Ralph Lewin (born May 21, 1953) is a Swiss politician and a former member of the Government Council of the Canton of Basel-City from 1997 to 2008. From 2010 to 2017, Lewin served on the board of directors for Bank Coop (today called Bank Cler) and in the Bank Council of its majority owner Basler Kantonalbank. He is a member of the Social Democratic Party of Switzerland. Since 2020 he is president of the Swiss Federation of Jewish Communities.

==Career==

Lewin graduated from the University of Basel in 1977 with a degree in Sociology and Macroeconomics. In 1984 Lewin began a two-year run as a member of the Swiss delegation to the OECD in Paris.

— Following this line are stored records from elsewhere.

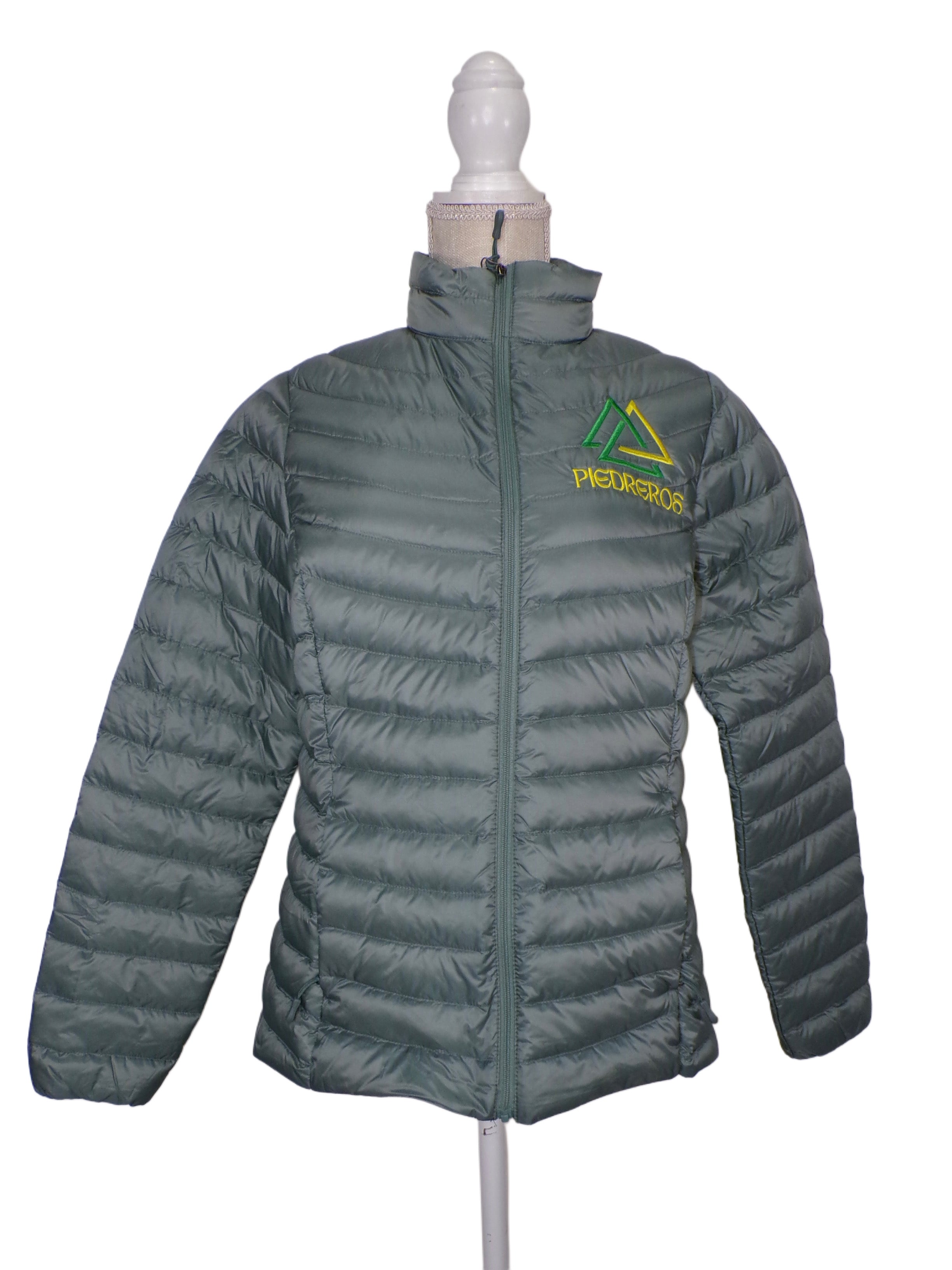 Womens Puffer Logo Jacket — angled view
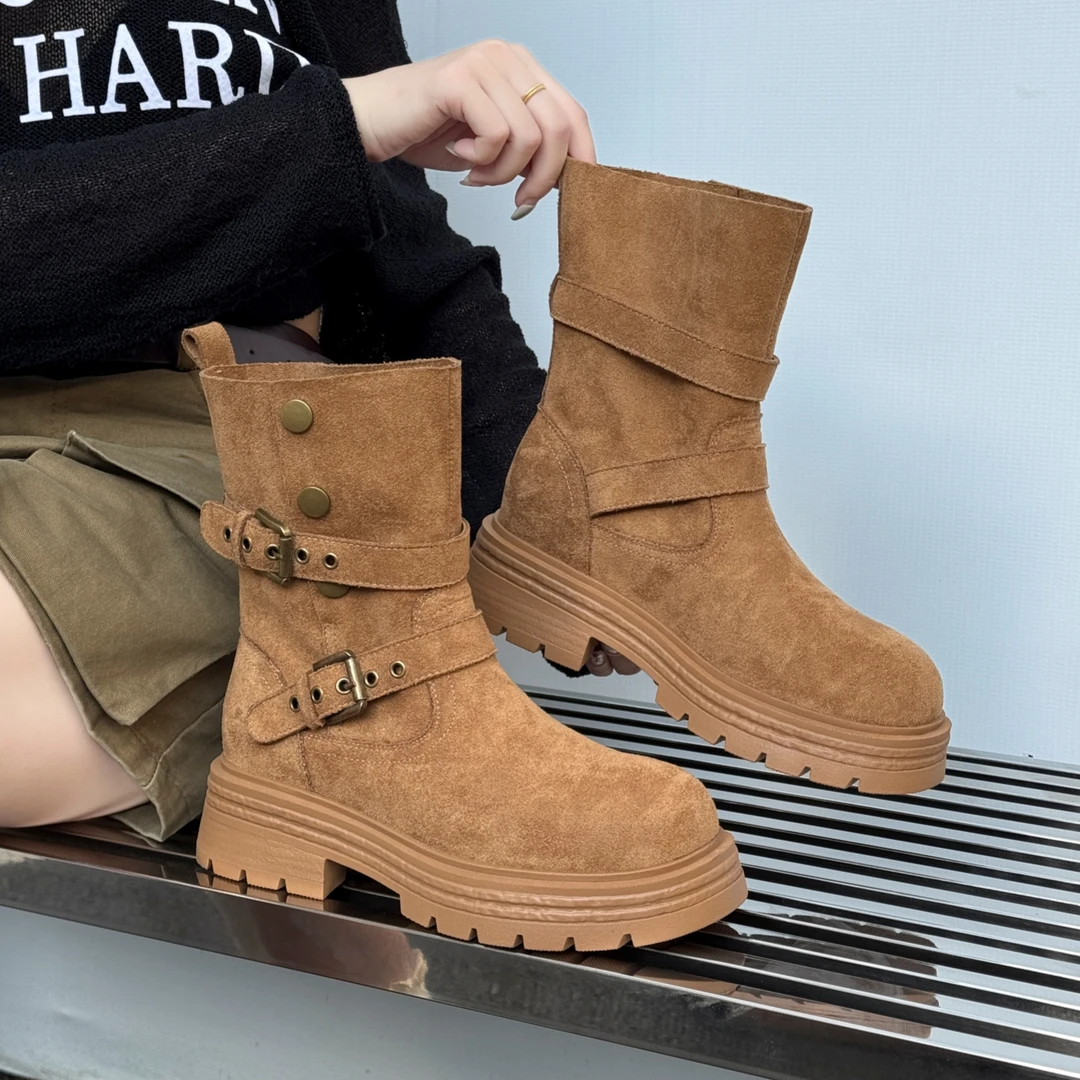 小众高级感西部牛仔靴女2025秋冬新款复古美拉德骑士靴短筒马丁靴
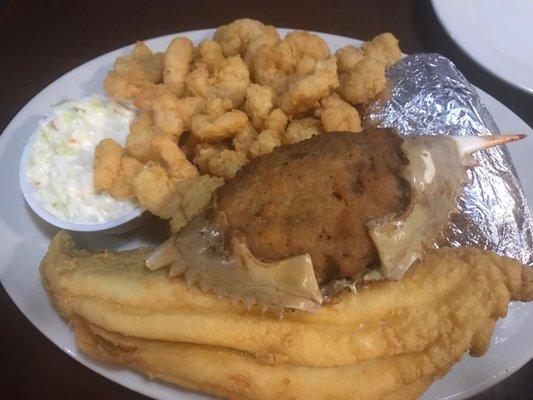 Large plate of shrimp, deviled crab, an even bigger piece of flounder and that heavenly potato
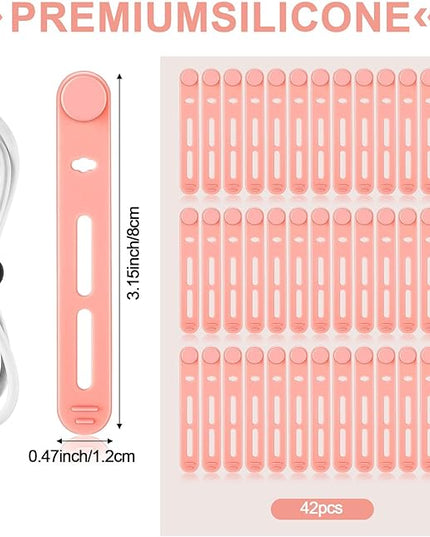 42 Pcs Silicone Cable Ties Reusable Cord Straps Multipurpose Elastic Cable Organizer for Bundling Fastening Earphone Phone Charger Home Office School (Pink,3.15 Inch)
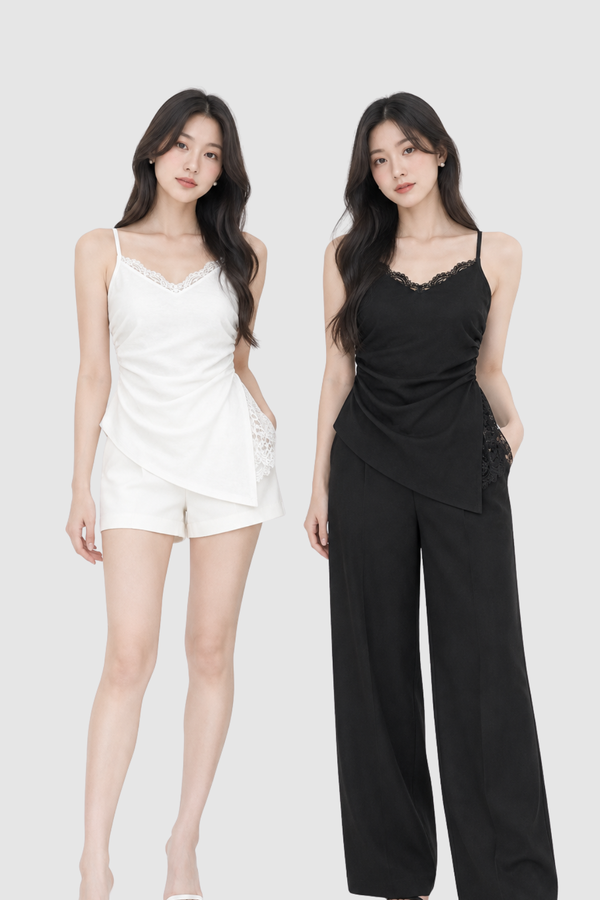 *PREORDER* Rosie Asymmetrical Lace Linen Top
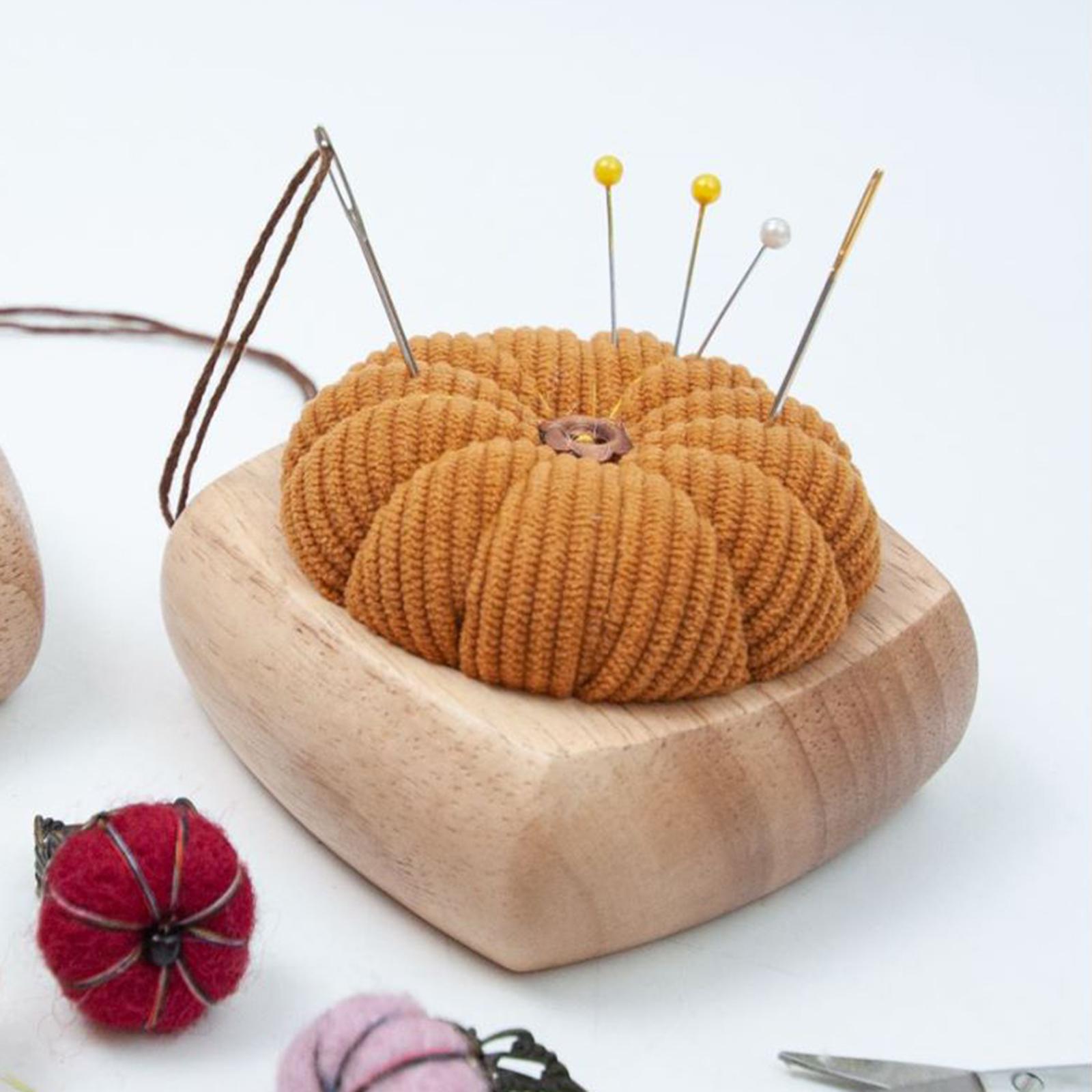 Pincushion Kit Durable Pumpkin Shaped for Quilting Embroidery Craft Projects Yellow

Lewin was the Governing Councilor and Chairman of the Department of Economic and Social Affairs of Basel-City Canton from 1997 to 2009. Lewin became the President of the Cantonal Executive of the Canton of Basel-City for several years. In that span, Lewin was a MCH Messe Schweiz AG board member and a Basel-City Transport Authority member (chairman from 1997 through 2005).

In 2009 Lewin became the President of the Foundation Board of the Sympany Insurance Group. Three months later, Lewin became President of the Swiss Association of Shipping and Port Industrie.

Lewin was on the board of directors for Banque Coop SA until 2017. He also served on the board of directors for Basler Kantonalbank (BSKP.S).